Sure thing. There's a format called "fast-import" which originated
with Git, I believe, but is probably useful as a pan-DVCS interchange
format (at least among the revision-based systems.. Darcs is in a
different category, so there's somewhat of an impedance mismatch).
It's a simple text-based stream of information about each change,
expressed as commands in a simple language, like
ADD(filename,contents), DELETE(filename), DELETEALL, RENAME(old,new),
etc. There are a collection of tools to emit and consume this stream,
usually named "*-fast-import" or "*-fast-export".
The one I'm using is called "darcs-fast-export". It started with
Miklos Vajna (http://vmiklos.hu/project/darcs-fast-export/), was
merged into bzr-fastimport (https://launchpad.net/bzr-fastimport),
but sadly the maintainer of bzr-fastimport passed away.

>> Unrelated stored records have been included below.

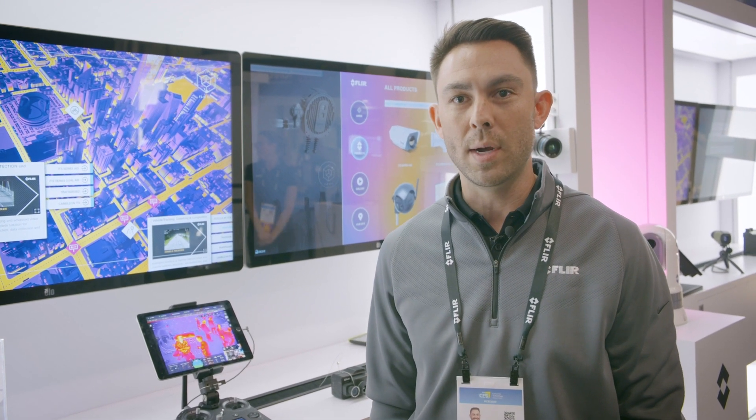Hey guys, my name is Brett Kondo. Welcome to the FLIR booth at CES 2020. In this part of the booth we're showcasing some of our drone and autonomous system technology.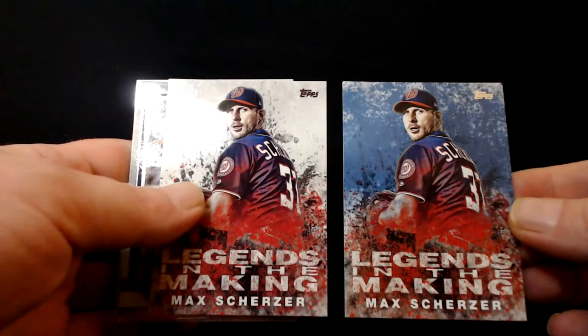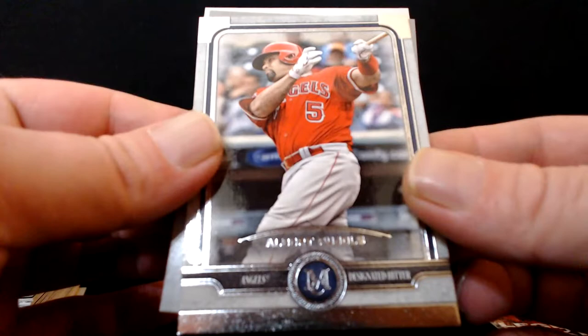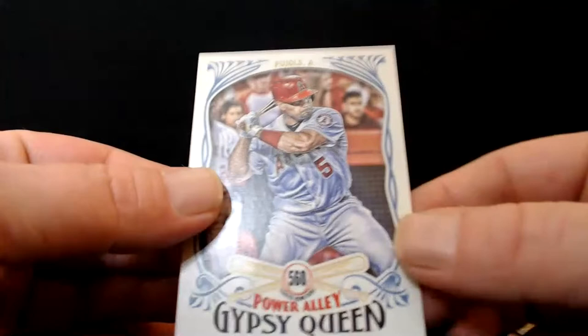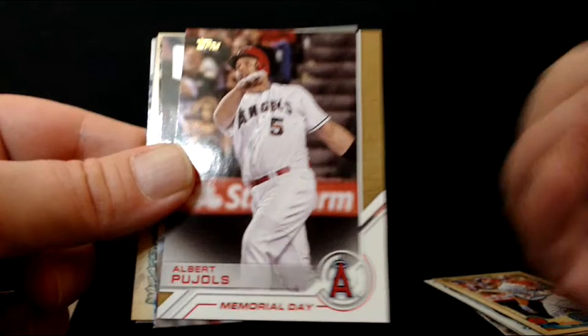Starting off we got a short print in blue and the regular one in white — Max Scherzer, future hall of famer. We also have Albert Pujols. This came out of the Museum Collection 2019 — some absolutely beautiful cards. Another one for you there — that was out of Heritage and a Gypsy Queen. Do a group of Pujols for you, another Gypsy Queen. That'll be Topps Series Two of 2018.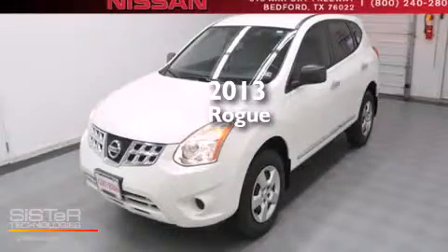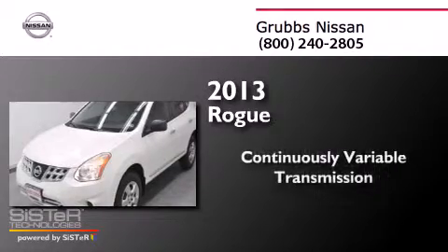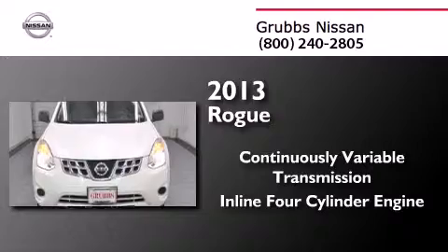This is a 2013 Nissan Rogue. This crossover has a continuously variable transmission and an inline four-cylinder engine.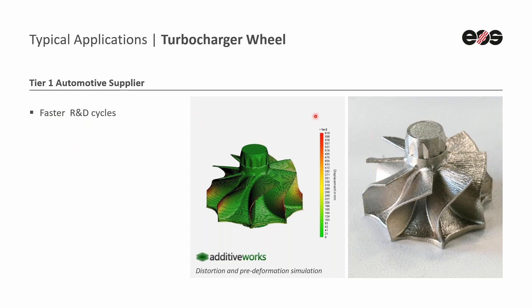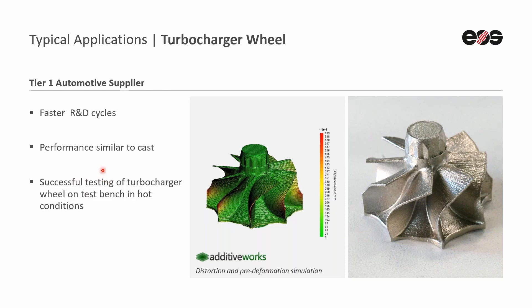We did some simulations of the CAD model to see where deformation might occur during the printing process. Then we compensated for that and built some parts for them using the 939 powder and process. Those parts were tested and the performance proved to be quite similar to cast, after it was tested on a hot test bench under real-world conditions.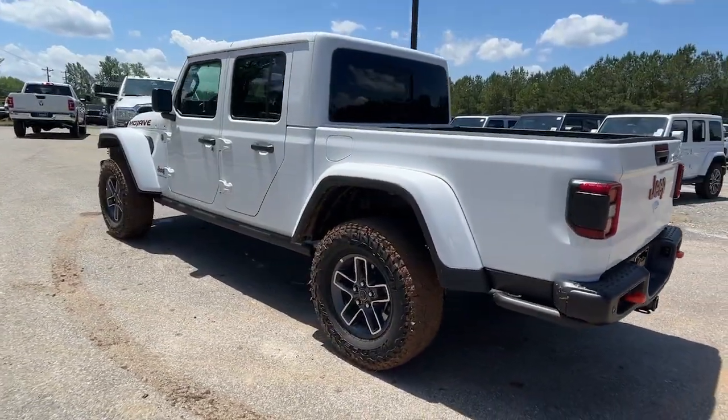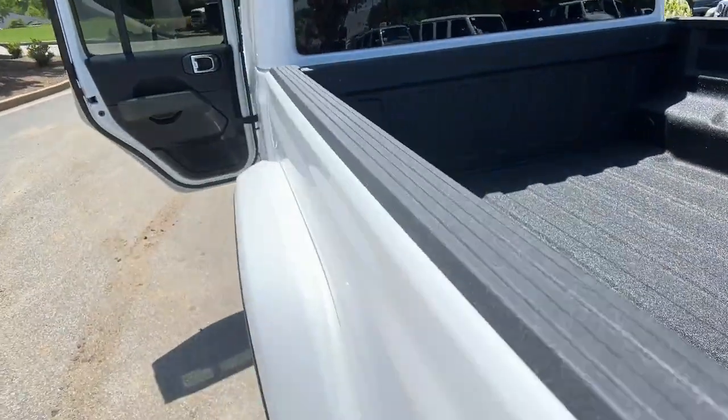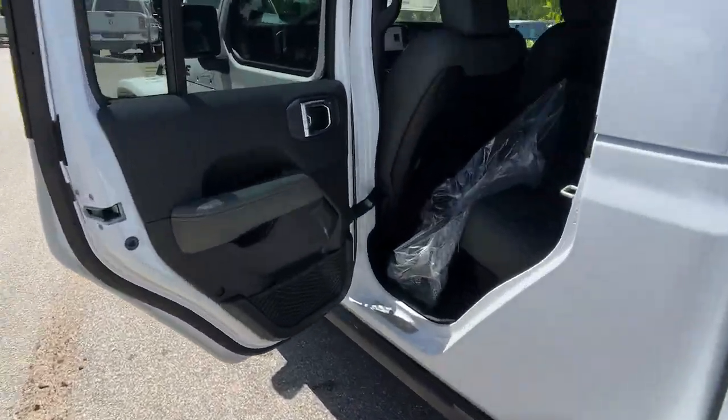Impressive towing capability, available diesel power, and a host of customizing options let you create the adventure machine that's perfect for you.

The most
recent source I've seen is on Miklos' mirror at
git://vmiklos.hu/bzr-fastimport . I have a few patches of my own
(rather old, I don't know if they've been merged elsewhere) at
http://github.com/warner/darcs-fast-export .

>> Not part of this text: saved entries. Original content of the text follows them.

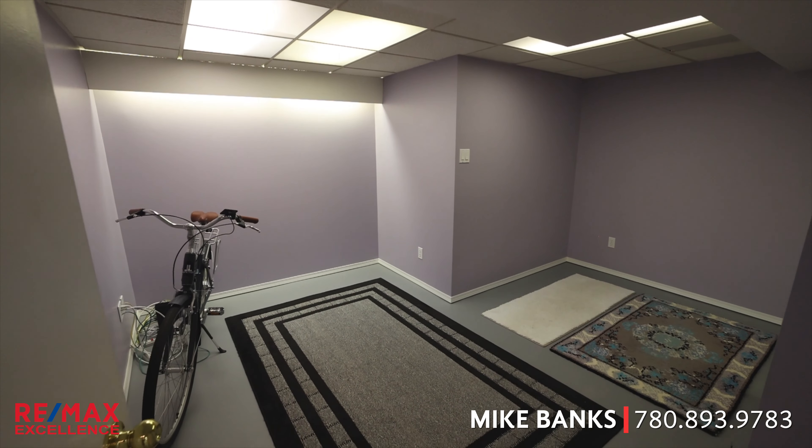If you'd like to see this awesome bungalow before it's gone, again my name is Mike Banks with RE/MAX Excellence. Call me or text me at 780-893-9783.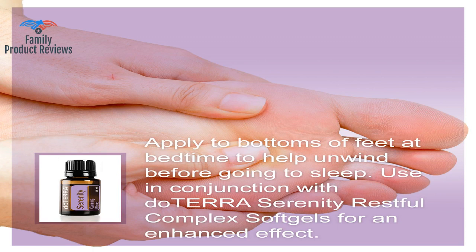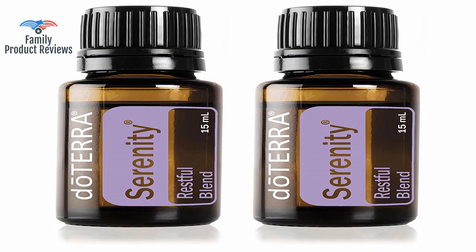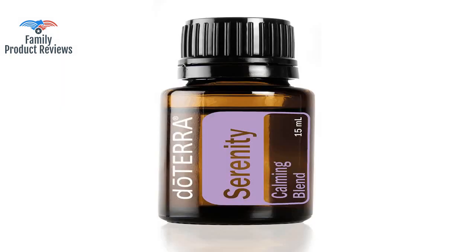This oil blend is for calming but won't make you drowsy as some people may think. A great way to find someone in your area is by calling doTERRA. It is great for helping you settle down at night and getting a good night's sleep.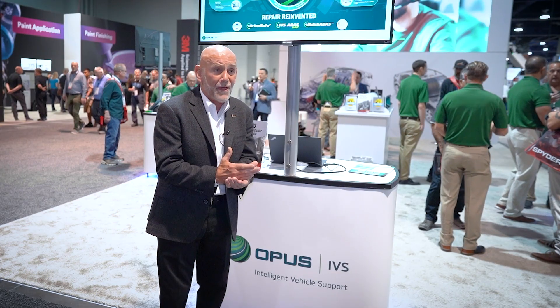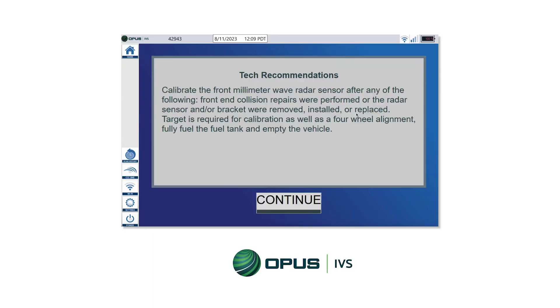and we're going to provide them with a detailed list of what needs to be done on that vehicle related to ADAS calibrations, seat belt inspections, occupant sensors, calibrations, steering angle sensors, and more.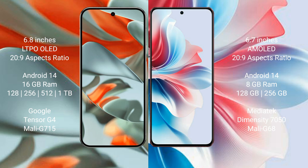Google Pixel 9 Pro XL uses the Tensor G4 processor with GPU model G715. Oppo F25 Pro comes with 8GB RAM and 128GB or 256GB internal storage, powered by the MediaTek Dimensity 7050 processor with GPU model G68.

darcs-fast-export installs a new subcommand for git (stored as a
program named "git-darcs" somewhere on your $PATH, so when you run
'git darcs', /usr/bin/git winds up invoking /usr/bin/git-dracs). It
also installs two programs named "darcs-fast-export" and
"darcs-fast-import", which are run on a darcs repo and create/consume
the fast-import stream. These commands understand "mark files", which
record numbered revision/patch identifier, so you can re-start the
process later and skip over the work that was already done.
The bidirectional bridge I use for Tahoe has a tahoe.darcs and a
tahoe.git sitting next to each other. There's a simple Makefile with
"push" and "pull" targets. The tahoe.git repo was set up with
something like:
mkdir tahoe.git
cd tahoe.git
git init
git darcs add upstream ../tahoe.darcs --encoding=utf-8
--authors-file=../authormap
(oh yeah, there's an 'authormap' which manages conversion of author
names from darcs' metadata into git's)
The 'pull' target then does:
cd tahoe.darcs && darcs pull -a
cd tahoe.git && git darcs pull upstream
and 'push' does:
cd tahoe.git && git darcs push upstream
cd tahoe.darcs && darcs push -a
(the tahoe.darcs repo has a _darcs/prefs/defaultrepo that points to
the canonical Tahoe darcs repo, so that step is what triggers the
buildbot, publishes it to the world, etc)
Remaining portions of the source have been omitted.